Short descriptive text snippets
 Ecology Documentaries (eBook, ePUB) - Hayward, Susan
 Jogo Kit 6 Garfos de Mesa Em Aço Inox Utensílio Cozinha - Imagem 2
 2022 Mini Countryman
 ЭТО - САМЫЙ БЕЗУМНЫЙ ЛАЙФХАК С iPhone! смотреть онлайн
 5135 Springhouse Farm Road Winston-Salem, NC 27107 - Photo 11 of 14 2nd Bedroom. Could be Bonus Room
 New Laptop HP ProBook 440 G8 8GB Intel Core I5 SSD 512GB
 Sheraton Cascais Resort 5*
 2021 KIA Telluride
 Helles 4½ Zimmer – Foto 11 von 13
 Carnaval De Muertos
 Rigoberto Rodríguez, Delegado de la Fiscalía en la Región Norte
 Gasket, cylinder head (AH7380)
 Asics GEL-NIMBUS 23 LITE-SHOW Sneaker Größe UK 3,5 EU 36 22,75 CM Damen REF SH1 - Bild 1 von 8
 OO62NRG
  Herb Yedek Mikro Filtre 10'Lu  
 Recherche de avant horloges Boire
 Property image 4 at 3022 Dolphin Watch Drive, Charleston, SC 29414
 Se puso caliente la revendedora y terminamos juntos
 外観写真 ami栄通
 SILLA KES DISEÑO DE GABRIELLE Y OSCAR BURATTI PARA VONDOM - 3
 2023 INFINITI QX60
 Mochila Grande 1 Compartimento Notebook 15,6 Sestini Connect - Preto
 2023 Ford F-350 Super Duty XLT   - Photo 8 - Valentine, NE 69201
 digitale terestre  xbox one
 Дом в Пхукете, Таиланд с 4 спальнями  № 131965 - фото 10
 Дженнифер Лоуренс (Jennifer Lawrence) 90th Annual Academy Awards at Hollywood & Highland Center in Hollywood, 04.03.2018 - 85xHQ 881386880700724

## REQUIRED WORK
Retype, without changes, the lines from the line holding "2023 INFINITI QX60" to the end of the data, both ends included.

## EXERCISE ANSWER
 2023 INFINITI QX60
 Mochila Grande 1 Compartimento Notebook 15,6 Sestini Connect - Preto
 2023 Ford F-350 Super Duty XLT   - Photo 8 - Valentine, NE 69201
 digitale terestre  xbox one
 Дом в Пхукете, Таиланд с 4 спальнями  № 131965 - фото 10
 Дженнифер Лоуренс (Jennifer Lawrence) 90th Annual Academy Awards at Hollywood & Highland Center in Hollywood, 04.03.2018 - 85xHQ 881386880700724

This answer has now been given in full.